Oliver Lohr: Unsere Abteilung wurde 1969 als Eis- und Rollsport-Abteilung im Post-Sport-Verein Blau-Gelb Groß-Gerau gegründet. Schon im Mai 1969 fand im Rahmen der Europatage auf dem damaligen Trainingsgelände in der Kreisberufsschule der erste Ländervergleichswettkampf statt. 1976 musste wegen Baumaßnahmen das Training auf den Parkplatz des Landratsamts verlegt werden, und seit 1982 existiert der Skate-Park Groß-Gerau hinter dem Hallenbad. Mittlerweile haben wir zwei Pisten, eine 304m-Runde außen und im Innenraum eine 200m-Strecke. Aktuell haben wir 230 Mitglieder, davon sind rund 100 sportlich in Deutschland und teilweise auch international aktiv. Unsere Vorreiterrolle im Inline-Speedskating haben wir gerade in den letzten Jahren wieder deutlich untermauern können. Unsere Sprinter Laethisia Schimek und Simon Albrecht haben im Jahr 2016 jeweils Gold bei den Weltmeisterschaften geholt. Zudem war Simon bei den diesjährigen World Games mit zwei Goldmedaillen und einer Silbermedaille der erfolgreichste Athlet der gesamten deutschen Delegation. Auch unsere Nachwuchsläuferinnen sind schon sehr stark und stehen bei europäischen Wettkämpfen regelmäßig auf dem Siegerpodium.

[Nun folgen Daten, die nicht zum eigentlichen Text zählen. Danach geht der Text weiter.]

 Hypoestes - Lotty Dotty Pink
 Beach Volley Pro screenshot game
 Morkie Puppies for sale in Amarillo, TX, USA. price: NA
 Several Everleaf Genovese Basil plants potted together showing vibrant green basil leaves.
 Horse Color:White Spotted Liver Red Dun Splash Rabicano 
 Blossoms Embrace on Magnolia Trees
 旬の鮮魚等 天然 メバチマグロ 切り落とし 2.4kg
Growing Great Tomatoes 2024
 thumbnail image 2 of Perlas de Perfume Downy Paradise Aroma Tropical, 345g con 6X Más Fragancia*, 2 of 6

Unser Erfolgsrezept liegt in der gezielten und frühzeitigen Nachwuchsförderung. Wir werden dies auch in Zukunft weiter praktizieren. Dazu gehören neben der Ausbildung von Trainerinnen und Trainern auch die ständige Pflege unserer Anlage, dem Skate-Park. Die Bedingungen in Groß-Gerau sind für Inline-Speedskating optimal! Das wollen wir auch weiter so erhalten und hoffen, dies in Zukunft noch ausbauen zu können.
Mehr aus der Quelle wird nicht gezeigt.